THESE are dark days for some of Britain’s flagship firms. Three of our corporate giants are floundering: British Petroleum, whose inability to stem the spill off the US coast is now in the realm of the preposterous; British Airways, which is being crippled by the actions of a minority of deluded and self-destructive strikers; and the Prudential, which is desperately trying to negotiate a cheaper price for AIA or face a humiliating rejection from its shareholders.
Barack Obama has been careful to spell out BP’s full name whenever criticising it, making sure that all Americans are well aware that they are dealing with a UK-based firm. This has hardly done the reputation of British business any good. It is also a PR disaster for the entire oil and gas industry, whose reputation has just been set back at least a decade. The fact that the spill has been going on unchecked for so long now, with BP powerlessly attempting to stem it using a series of bizarre, amateurish measures, will only confirm the worst prejudices of environmentalists, who wrongly believe that capitalism isn’t compatible with controlling pollution and that big firms couldn’t care less about accidents.

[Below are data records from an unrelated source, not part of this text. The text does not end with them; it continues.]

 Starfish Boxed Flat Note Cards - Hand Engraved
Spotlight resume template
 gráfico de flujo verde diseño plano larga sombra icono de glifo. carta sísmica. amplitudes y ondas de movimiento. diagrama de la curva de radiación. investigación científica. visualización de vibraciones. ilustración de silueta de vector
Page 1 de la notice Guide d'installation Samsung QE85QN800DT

BP should be forced to fork out for the entire cost of the cleanup, even if this amounts to $3bn or more. It should be self-evident that all oil companies need to develop better ways of curtailing spills to avoid another catastrophe of this kind in the future. Shareholders need to make sure their management take real action.

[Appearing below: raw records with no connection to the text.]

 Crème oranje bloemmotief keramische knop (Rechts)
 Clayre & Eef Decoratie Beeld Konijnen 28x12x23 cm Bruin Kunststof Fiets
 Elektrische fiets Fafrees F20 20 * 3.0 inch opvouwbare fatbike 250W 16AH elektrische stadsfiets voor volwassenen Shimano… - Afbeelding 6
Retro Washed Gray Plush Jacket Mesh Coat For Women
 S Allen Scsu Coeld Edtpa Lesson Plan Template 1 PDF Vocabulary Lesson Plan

The problem at BA is of a different nature. Its chief executive, Willie Walsh, is an eminently capable man who is doing all of the right things to save his airline at a time of drastically changing consumer tastes, ever-increasing competition and permanently higher fuel prices. Cost-cutting is vital: BA won’t be around in three years’ time if it doesn’t change drastically. Walsh deserves the City’s full support. As to the Pru, its problems are less endemic and its business sound; but the fact that such a high-profile, massive takeover remains on the brink is hardly good news for its management, which has massively misjudged the mood among institutional investors. Tidjane Thiam, its CEO, will soon be history unless he can slash the price at which AIG is willing to sell its Asian unit.

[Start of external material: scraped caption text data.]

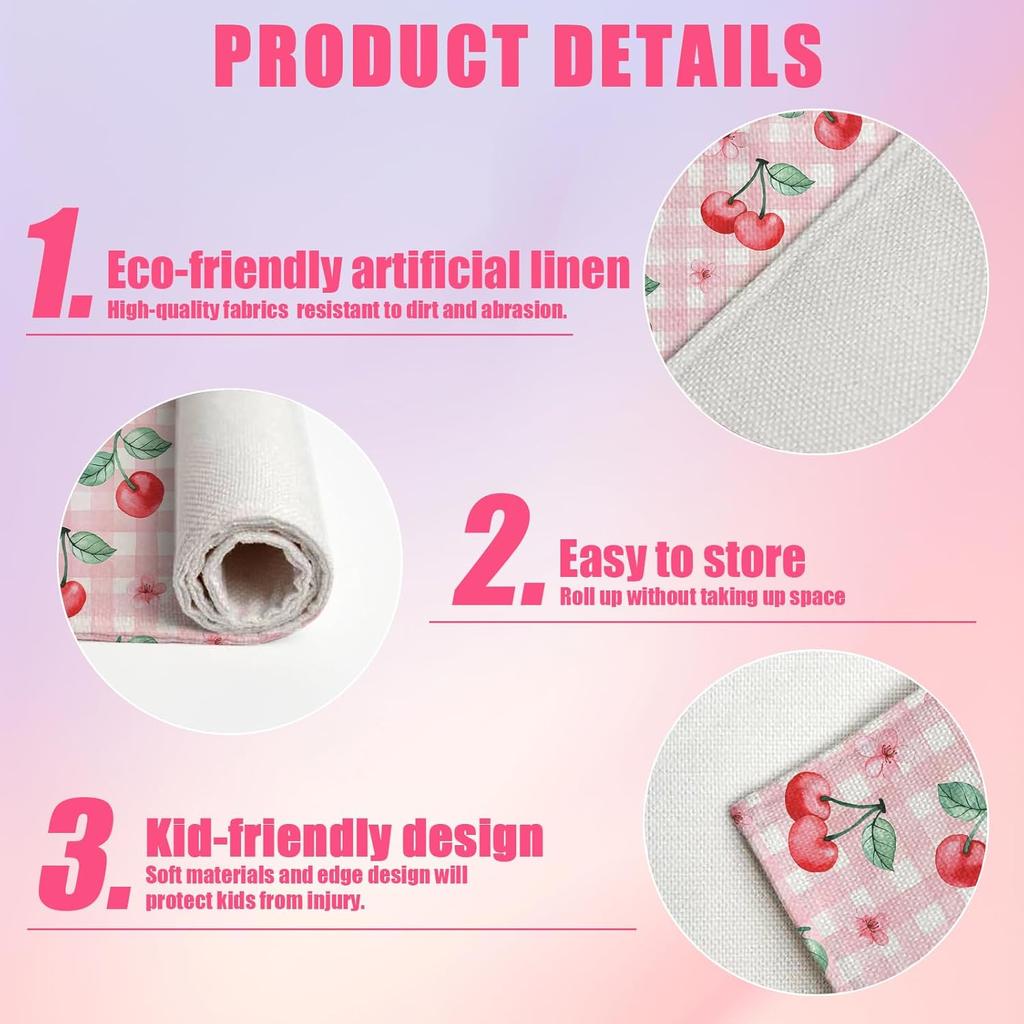 Pink Cherry Spring Flower Placemats Set of 6,12x18 Inch Linen Place Mat Washable Stain Resistant Table Mats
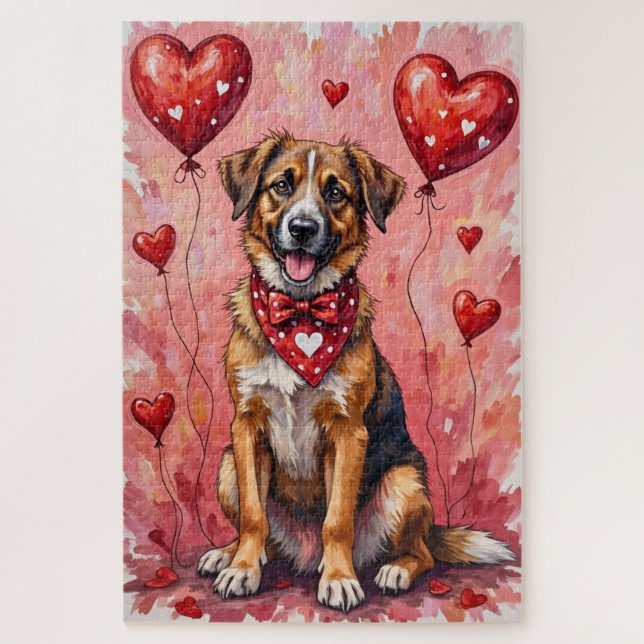 Puzzle Anatolian Shepherd Valentine Dog Art with Hearts (Vertical)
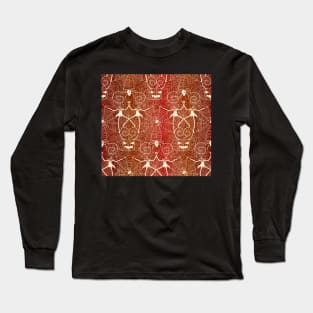 Halloween nightmare lace cream on crimson Long Sleeve T-Shirt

But while some of the UK’s old flagships are struggling, and we are suffering from more than our fair share of PR disasters at the moment, plenty of other FTSE 100 firms are powering ahead. At a time such as this, they deserve far more attention – one such success story is that of Compass, the catering giant. It has a market cap of £10bn, employs 386,000 people and has performed superbly under the tenure of Richard Cousins, an excellent operator. Reckitt Benckiser, now a £23.5bn market cap business led by chief executive Bart Becht and chief financial officer Colin Day, is another star. A smaller yet equally noteworthy value generator is Aggreko, the global leader in the rental of power generation and temperature control equipment, whose shares are worth £3.5bn. There are plenty of others.
So here is some goodish news on a Monday morning: Britain’s abysmal failure in the ever-dreadful Eurovision song contest does not mirror the performance of the whole of UK Plc. Beating ourselves up about our failings has long been a British pastime but we should also sing a little louder about our success stories.